During the war years, he was both a Union soldier and a physician.
During his nearly fifty years in Carthage, he became the largest landowner in Jasper County, owning 3,000 acres of land. Much of his land was given away, such as Carter Park, Carter Spring, and Oak Hill Cemetery, named after his birthplace. Due to his civic involvement, he asked that the city place the new electric lighting plant on the north end of the land given for Carter Park. He was very interested in the electric and water plant proposed for Carthage.
Carter Park was a large park, complete with rail access and the spring. It had earlier been the site of a portion of the Battle of Carthage on July 5, 1861. Many events were held there and Dr. Carter was known to have brought in bears for the enjoyment of the crowd.

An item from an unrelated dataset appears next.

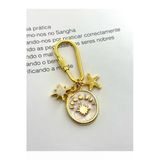 Roshel Charm Anahtarlık Mineli Antik Deniz Yıldızı Güneş Çanta Charm Charm Anahtarlık Altın
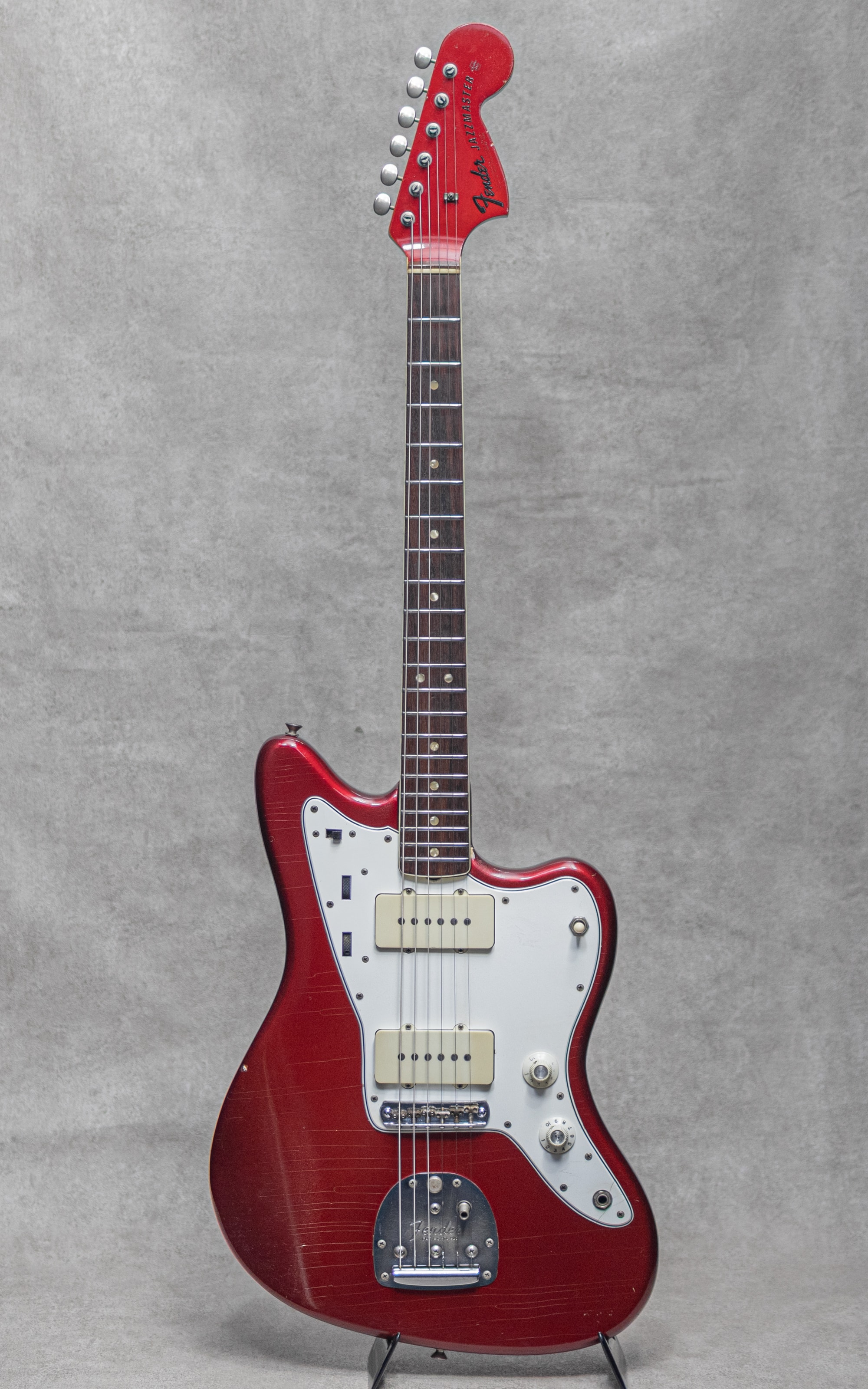 Jazzmaster Candy Apple Red / 1966: エレキギター｜三木楽器公式通販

He was one of the founders and a director of the First National Bank in 1892. He belonged to the Masons and attended the Methodist church.
From 1893 to 1896 he constructed the beautiful brick home that reigns over Carter Park and, under the guidance of Ruth Kolpin Rubison, it has been restored to its former glory. The laboratory used by Dr. Carter is still intact in the basement of the home.
Dr. Carter passed from this life on March 7, 1913 at the age of 79, from an accumulation of ailments after being bedfast for 10 days. Dr. Carter’s funeral was held at his home and he was laid to rest in Oak Hill Cemetery.